Kinder Morgan is currently proposing to twin the Trans Mountain pipeline with an additional 994 km. of new pipe. According to Kinder Morgan, this pipeline expansion would increase the amount of oil transported from Edmonton to the Burnaby Westbridge Terminal from the current 300,000 barrels per day to 890,000 barrels per day.
The expanded Kinder Morgan pipeline will see three times more oil transported from Northern Alberta to BC's Lower Mainland, and this is very controversial for three main reasons:
1. Increased Risk of Pipeline Ruptures
In July, 2007 a road crew's excavator accidentally dug down and pierced the Kinder Morgan pipeline, causing a massive rupture that spilled more than 250,000 litres of oil into a Burnaby neighbourhood and 70,000 litres into nearby Burrard Inlet. The incident received international media attention as the oil shot into the air coating houses, cars, lawns and roads in a thick, black carpet of oily crude. An estimated 250 residents had to be evacuated and the clean up cost $15 million.
The 2007 pipeline rupture remains fresh in the minds of many residents in the City of Burnaby, including the long-serving Mayor of Burnaby, Derek Corrigan, who is a very vocal opponent of the pipeline and is enacting the jurisdictional means at his disposal to stop the expansion of the Kinder Morgan pipeline. The fear amongst Burnaby residents is that the expanded pipeline means more risk of larger pipeline ruptures occurring in the future.
2. Increased Oil Tanker Traffic
As it stands right now, the 300,000 barrels of oil pumped from Northern Alberta via the Kinder Morgan pipeline requires approximately two oil tankers a week to ship the stored oil from the Westbridge Marine Terminal to foreign markets. The planned tripling of the transport capacity of the Kinder Morgan pipeline would mean that tanker traffic through the City of Vancouver's waterfront via Burrard Inlet would increase to as high as ten oil tankers a week.
This is a major concern for environmental groups, the local tourism industry, First Nations and other communities that rely on British Columbia's west coast waters, as increased oil tanker traffic means more risk of an oil spill.
3. Expansion of Alberta's Oil Sands
Any expansion in the ability to transport Alberta's oil sands to foreign markets, allows for the expansion of the extraction efforts by oil sands companies operating in Northern Alberta. The expansion of the oil sands has been shown to have major negative impacts on local communities in the Northern Alberta region, especially amongst local First Nations communities that rely on the natural resources -- fresh fish and fresh water -- to subsist.

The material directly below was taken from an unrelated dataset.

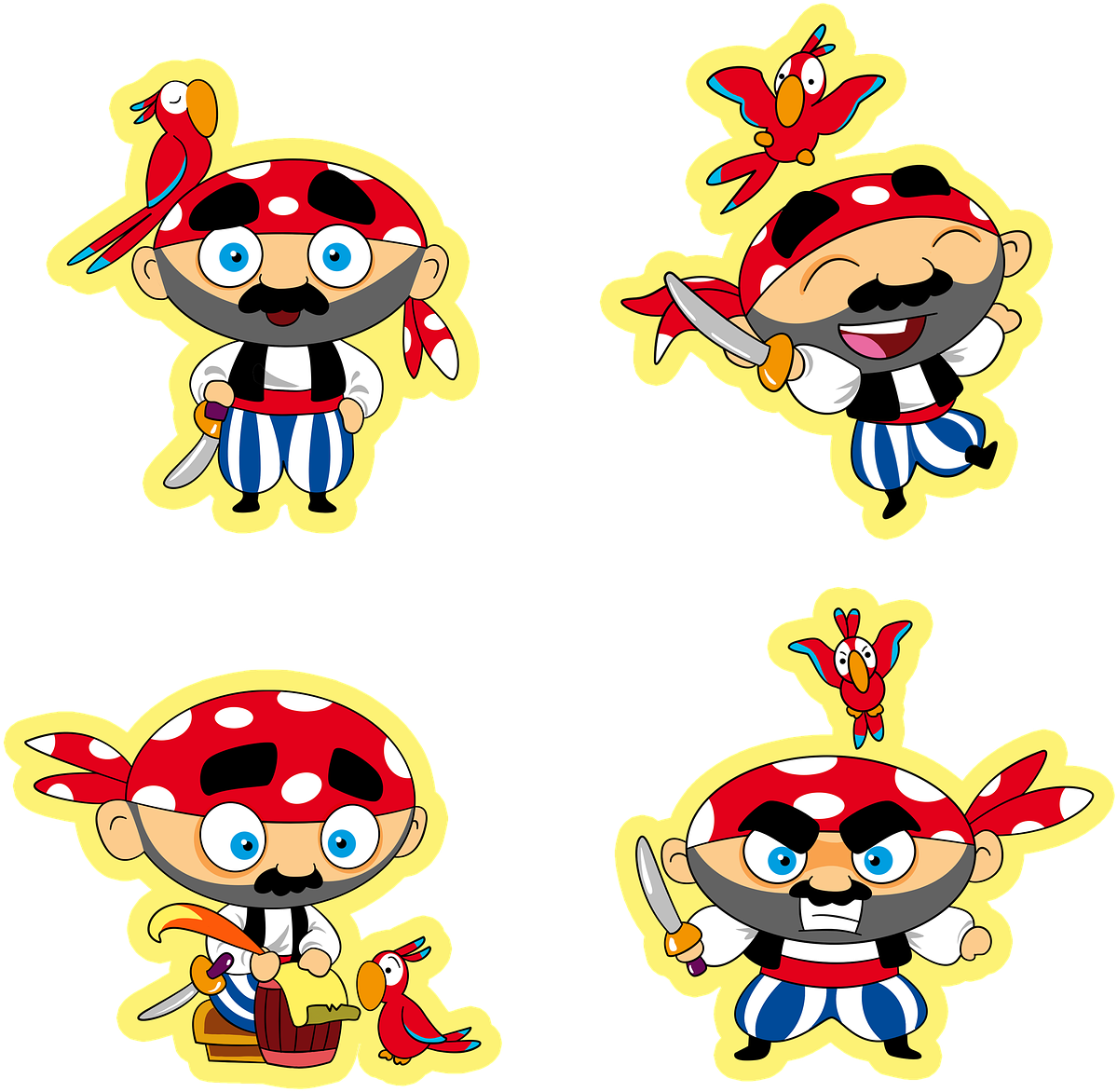 Pictures - Sticker Clipart (1280x1279), Png Download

More globally, there are major ongoing concerns about the greenhouse gas emissions produced in the extraction process and downstream when the oil sands is processed and made into products like gasoline. According to most studies, the greenhouse gas emissions from a barrel of tar sands oil are an estimated 3 to 4 times as intensive compared to those of a conventional barrel of oil. The Alberta oil sands are the fastest growing source of greenhouse gas emissions and many are concerned that the Kinder Morgan pipeline expansion locks a major increase in greenhouse gas emissions for the long term if it is to proceed.